Midea 14kW (for now...) ASHP heating both building and DHW
@sicky and therein lies the greatest difficulty the simpler the spreadsheet the more assumptions it's making for you. It certainly sounds like you have a mixed bag of materials and it will only get more detailed (but details you will now know) as you improve the fabric.
Working back from the gas usage looks to have been the most accurate way of calculating the heat loss from those I tried pre installation. We run fairly comparably to how we did before, but it's a much more even heat now 🙂
MCS 021 (and the heat output figures for given rad sizes and types on stelrads website) were where I looked for oversizing factors.
I guess working out the theoretical heat output vs heat loss for each room would be a reasonable step to assessing if the calculations match your observations (i.e. certain rooms are difficult to keep warm). Or even I think just working out a reasonable estimate of heat output of your emitters at current flow temp and the room temperature achieved vs rough OAT might give reasonable results for you to get a ballpark figure
Another one is the air changes per hour make a massive difference - I think heat geek sometimes use 0.7 for older houses with modern ish windows etc (from one of their videos)?
Definitely feels like an area where homeowner leg work does provide benefits - you are the only one who knows how you operate your heating right now and what end results you get.
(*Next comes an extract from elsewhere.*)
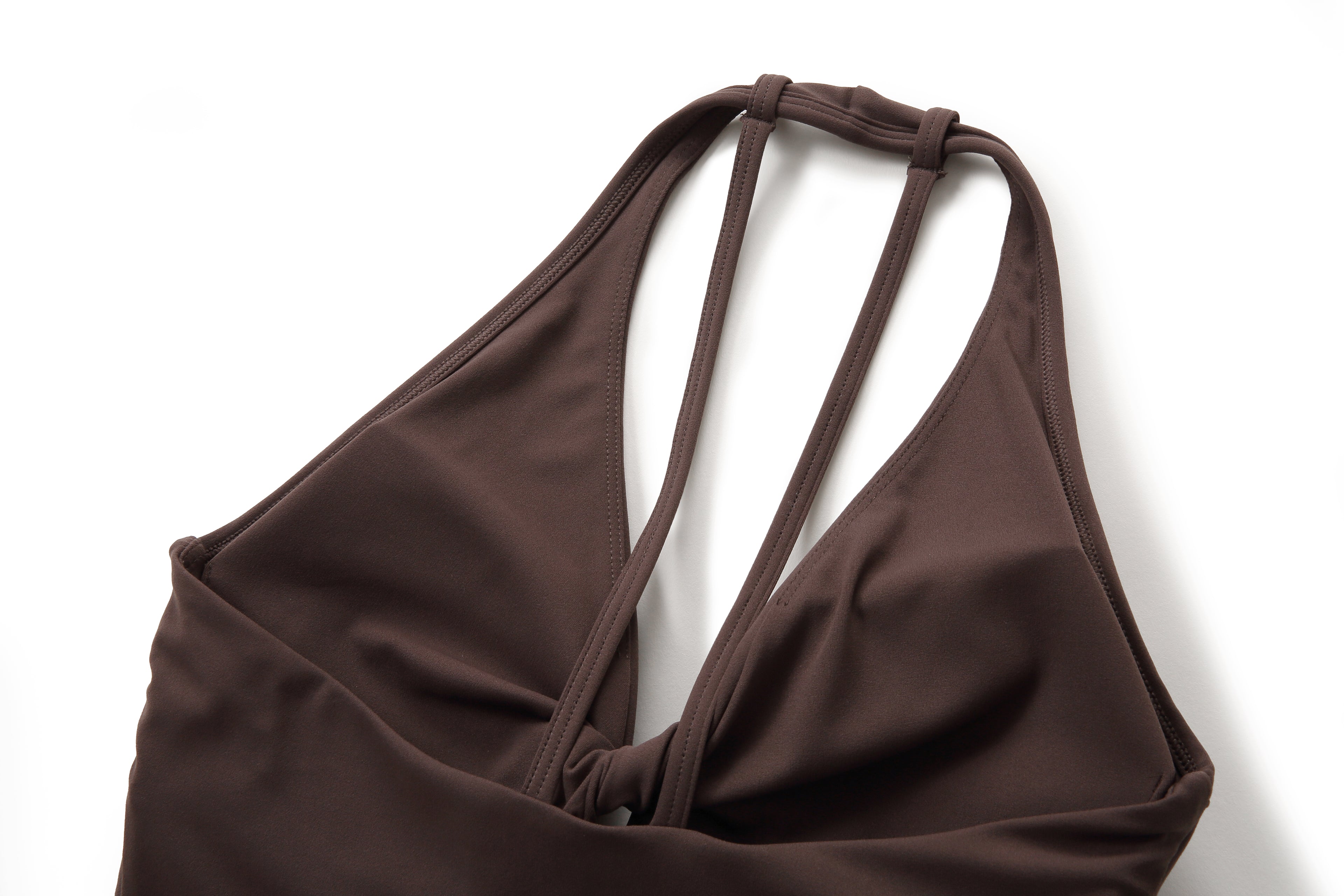 NULS Twist-Front Halter Sports Bra side view - women's yoga activewear by Lepeins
@cathoderay I did try measuring flow temperature vs kWh used to try and come up with an idea of cost per hour for our heating, but I don’t have any clamps to measure flow and return temps and admittedly I didn’t make note of OAT either so the data is probably mostly void. I was just keeping an eye on the temperature on the boiler and waiting for it to go steady and taking that as my current flow temp - very rough obviously. Maybe if I went back and added historical OAT data to that it might give me a few more answers but again gathering the data is often the easiest bit, interpreting what it’s actually telling you and what to do with that information is where I feel like I’m a bit lost
i had a thermal heat survey done on the house a year or 2 ago but again, not entirely sure what to do with that information…I thought they’d give me the answers but they didn’t!